28 February 2017

REVIEW: Smoke DZA & Pete Rock - Don't Smoke Rock

2016 saw peaks and valleys for hip hop. A few peaks for Golden Era fans came in the form of new albums from De La Soul and A Tribe Called Quest. Albums that were nostalgic and at the same time relevant. Do you need to be from the Era to create such projects? No. Could you be a student of that Era and create a comparable masterpiece? Yes (see Kendrick and Cole..also KRIT, Logic, Rapsody).

Take Smoke DZA, the 33 year old Harlem emcee was not necessarily "in the game" during the '90s, but he was an avid fan/student thanks to his father. DZA grew up idolizing Jay Z and Biggie Smalls, but you can definitely hear influences from Dipset and Big L in his bars. As a young emcee, DZA began ghostwriting for hip hop artists in the early oughts.
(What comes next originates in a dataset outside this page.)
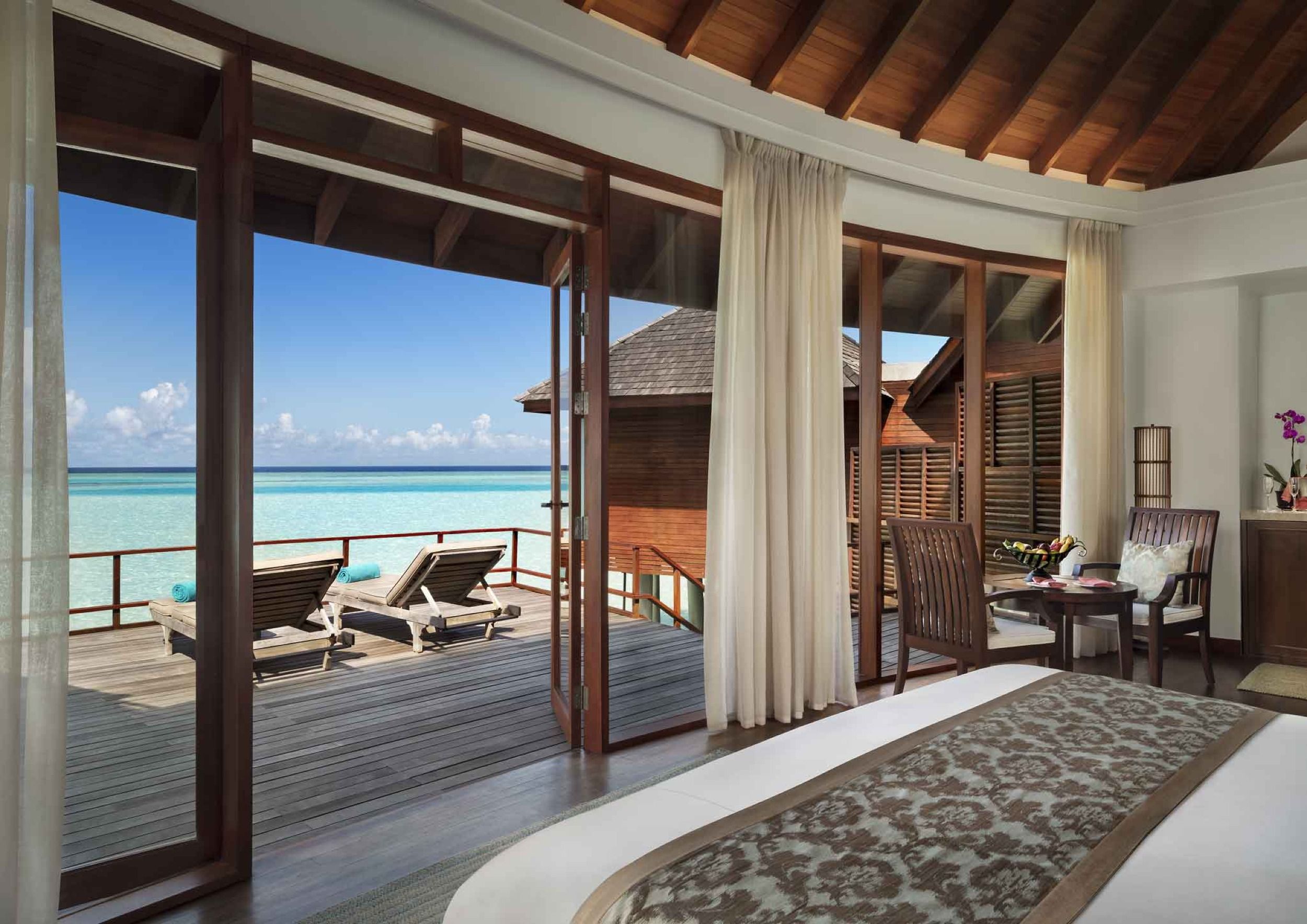 Anantara Dhigu Maldives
He finally put a solo project in books in '09 with his Substance Abuse mixtape.

Enter Pete Rock, the Bronx producer STRAIGHT from the Golden Era. The living legend's professional career started with a few Heavy D production credits in '89 (as well as Groove B Chill, Brand Nubian, Kid 'n Play, and Main Source in the following years), but most know Pete Rock as one half of Pete Rock & CL Smooth. Their '91 EP All Souled Out introduced the world to one of the greatest emcee/DJ duos in hip hop history. Pete Rock is credited as being one of the earliest producers that infused jazz into the hip hop sound.

So when I heard that one of my top 10 producers was doing a full length collab (been waiting about 6 years for that news), you know ya boy had to review it. Don't Smoke Rock is the first tag team LP from Pete Rock and Smoke DZA. And the outcome is no surprise, this album is FUEGO (sorry, not very suspenseful). But if you read the mini bios above, and you assume they stayed true to the artists that they are, then it really shouldn't shock you. Pete Rock provides his perfected jazz/soul hip hop instrumentals, along with a few grimey NY beats. Either way, if you head ain't bobbing throughout, your neck might be broken. Smoke DZA approaches each track with the attention to detail that you get from a true student of the game. Like people who have stepped on the moon, getting a Pete Rock full length collab puts you in a rarefied air. DZA's bars show that the emcee took this opportunity seriously. And the features, all DEM features. You got: Dave East, Rick Ross (meh), Royce da 5'9, Cam'ron, BJ the Chicago Kid, Jadakiss, Styles P, Wale, Big K.R.I.T., Dom Kennedy and Mac Miller (plus two other emcees I've never heard of: NYMLo and theMIND). When it comes to the sound of the album, as mentioned above, you get that classic NY sound from an artist who has honed his craft for almost thirty years. Now let's run through a few tracks.

The track "Limitless" serves as the real intro to the album and group. There is an "Intro" track, but that's just DZA setting up the album through a monologue. My only complaint with "Limitless" is that I feel they squandered the Dave East feature, allowing him to just contribute the hook. But I can look past this because DZA goes HARD. His bravado and braggadocio bars reintroduce him to whole new demographic of people who peeped this project on the strength of Pete Rock's name. DZA made sure his skill and confidence are front and center, and that he justifies the Pete Rock cosign. But the first track I heard from this project, the one that had my ears up like a jack rabbit, was "Milestones". THIS TRACK, features BJ the Chicago Kid on the hook, and two thirds of the almighty LOX on the verses. Now I'm not gonna say something blasphemous like DZA's bars are better than Jadakiss' or Style P's joints, but man, the kid came to play. DZA starts off the track with his throwback flow and street metaphors that prove he can get on a track with the best of them. And yes, when it comes to a street track, the LOX are the best of them. This track, this one I could have on repeat for days.

On many tracks (with or without features) DZA approaches the Pete Rock instrumentals from a meticulous standpoint. What I mean is that DZA keeps it simple, in the best way possible. While his metaphors are complex, he doesn't overwhelm the tracks with flashy flows and lyrics. His cadence is crisp and his lyrics stay sharp. The whole point of joining forces with a legendary producer is to create a perfect pairing. The DJ is the most important person in hip hop. They hold all the keys, and they push the culture to the masses. If you give a chef a perfect steak, they won't drench it in sauce or go crazy with the sides. You let each component breath and shine. Pete Rock gave DZA the perfect steak. And DZA showed composure and constraint (and care) with his product. This is what a well oiled machine looks/sounds like. When you create a project with thoughtful lyrics and excellent production, you get a timeless work of art. If you're a fan of the Golden Era sound, BARS, or just timeless production, do yourself a favor and add Don't Smock Rock to your playlist.